One may think that this is wrong too. Maybe, but between a leaving in a golden cage (as soon as you can afford it) or be free in the wild I would go for the latter.

Google executives acquitted in Italy from defamation charges

Wednesday, February 24th, 2010

Today the Court of Milan made public the decision in the criminal trial against four Google executives, charged of defamation and illegal personal data handling in relationship to the publication on the video sharing platform  of a video containing act of bullyism against a person affected by the Down Syndrome.

The legal basis for the charges, following the prosecutor’s theory of the case, was that those executives failed to exercise a pre-emptive control over the contents published by Google final users’, thus allowing the infringement of the reputation of the concerned person and of an NGO representing Down-Syndrome-affected persons.

The Court acquitted all the defendant from the charges of defamation, while found them liable of the illegal personal data handling charge.
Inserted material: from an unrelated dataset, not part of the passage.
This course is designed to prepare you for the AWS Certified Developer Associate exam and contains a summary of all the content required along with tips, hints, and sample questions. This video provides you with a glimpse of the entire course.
The whole sentence (including the legal technicalities that support the decision) will be public within the next 30 days.
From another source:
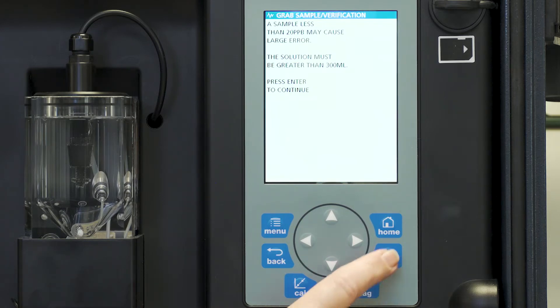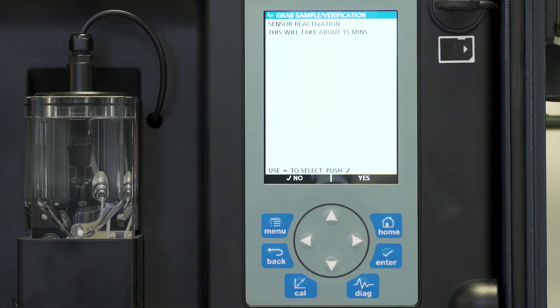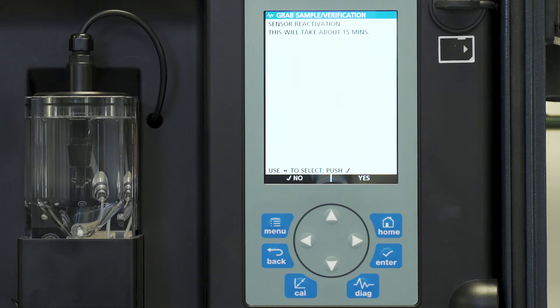Now we're ready to press enter to continue and the sensor reactivation will take about 15 minutes. We want to then proceed.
This indictment is the last component of a long series of court decisions that kill Network Neutrality and turn ISPs and Telcos into Digital Vigilantes while, in the meantime, no actual protection is given to the victims of online crimes.

The Peppermint and The Pirate Bay cases, the legal argument against Youtube and the one between an entertainment-backed lobbying group by one side and Telecom Italia, the ISP’s association and the Data Protection Authority on the opposite and – finally – this indictment are all linked through the same connection: to erode the absence of the legal duty to preemptively contol internet users’ activity established by the UE directive on e-commerce.

What is bizarre, in this Google trial, is that for the very first time the existence of the ISP’s duty to perform a mass-control of user activities has been asserted thank to the data protection regulation. The same data protection regulation that forbade the disclosure of the identities of people allegedly accused by the entertainment industry of copyright infringement through P2P networks.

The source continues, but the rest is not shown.